I. Data Retention & Deletion
For purposes of this policy, "participation" means the period during which the Customer maintains an active account and uses the Service; participation ends when the Customer's access is terminated or the account is cancelled.
Student responses. Stored as individual, non‑identifying records (no names/emails/IDs; no IP addresses or device identifiers) and reported only in aggregate. We retain student response records for the term of participation to support longitudinal reporting; upon termination of participation by a Customer, we will de‑identify or delete student response records within 180 days, unless a longer period is required by law.
QA artifacts. Non‑identifying QA records are retained ≤ 6 months and then de‑identified and/or deleted.
Student session/security cookie. Session‑lifetime only.
Staff/admin contact data. Retained for the term of participation and deleted or de‑identified within 180 days after termination.

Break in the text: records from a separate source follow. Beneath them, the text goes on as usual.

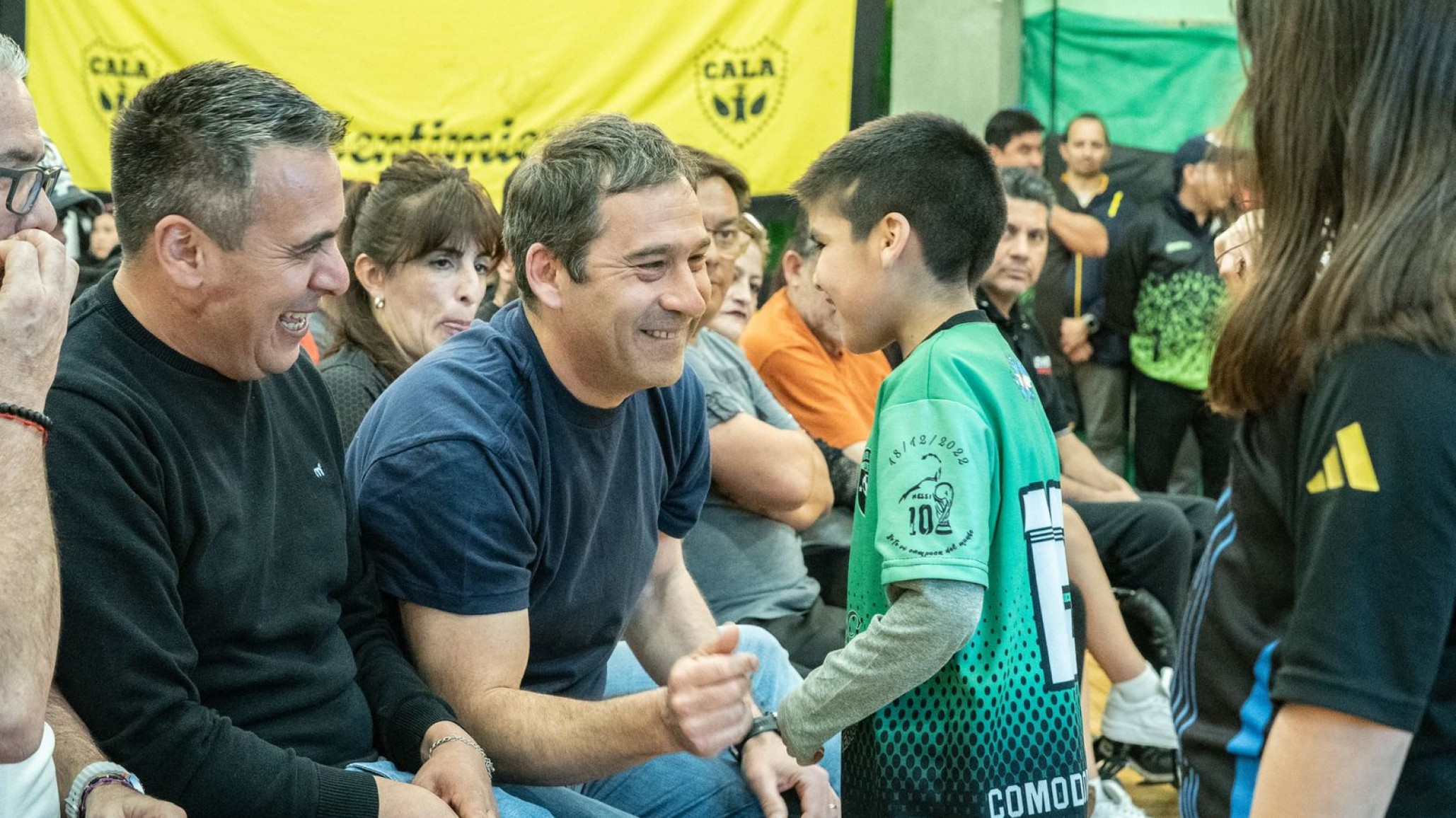 Luque cerró en Comodoro recibiendo el apoyo de una multitud de atletas y dirigentes deportivos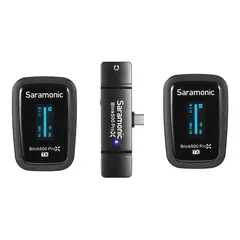 Saramonic Blink 500 ProX B6 Tr&#229;dl&#248;st mikrofonsystem USB-C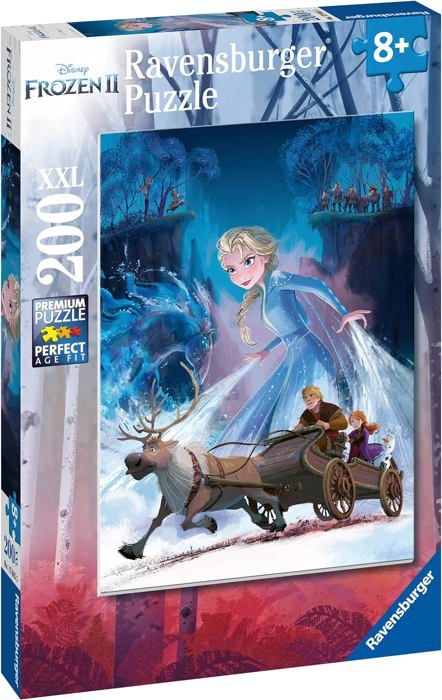 Puzzle La Reine des Neiges 2 - Ravensburger - 200 pieces XXL - Foret mystérieuse - Enfant 8 ans et plus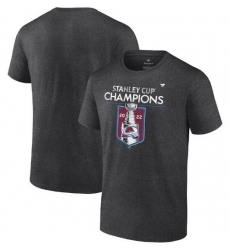 Men Colorado Avalanche Charcoal 2022 Stanley Cup Champions Locker Room T Shirt Men Colorado Avalanche Charcoal 2022 Stanley Cup Champions Locker Room T Shirt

Leadership self‑assessment. Retained with staff/admin accounts for the term of participation to support reporting and program services, then deleted or de‑identified within 180 days after participation ends.
Rosters/config files. Retained for the term of participation to administer access and survey operations (including completion tracking). Upon termination of participation, we delete within 180 days (or earlier upon Customer request), unless a longer period is required by law.
Upon termination of participation, we will complete deletion or de‑identification of staff/admin data within 180 days unless a longer period is required by law.
See §K (Privacy Rights & Requests) for how access, correction, and deletion requests are processed.
J. Incident Response
We will notify Customer of a confirmed breach without undue delay and no later than 72 hours after confirmation and will cooperate on notifications and remediation.
K. Privacy Rights & Requests (Staff/Admin; Students/Parents)
Staff/Admin. We assist the Customer (employer/school system) in responding to requests to access, correct, or delete staff/admin personal information, consistent with the California Privacy Rights Act (CPRA) and similar state laws, and we will complete deletion or de‑identification within 30 days unless a longer period is required by law. Provider does not host or maintain district email systems and is not a records custodian for district email.
Students/Parents. We do not maintain student personal information; Student Endpoint responses are collected without identifiers and reported only in de‑identified aggregates. If a district receives a parent/eligible‑student request under FERPA, we will support the district to confirm the absence of student‑level records in our systems and to address the request.
L. Changes to this Policy
We may update this policy to reflect operational or legal changes. We will notify Customer administrators when material changes take effect.
M. Business Transfers
In the event of a merger, acquisition, reorganization, or bankruptcy, Customer data may be transferred to a successor subject to the same commitments in this Privacy Policy. We will notify Customer administrators prior to any transfer where feasible, and the successor will honor existing privacy, security, and deletion commitments.
N. Social Features (N/A)
The Service provides no social networking or public posting features. Users cannot interact with other users within the Service. Because there are no public postings, content filtering and interaction moderation are not applicable.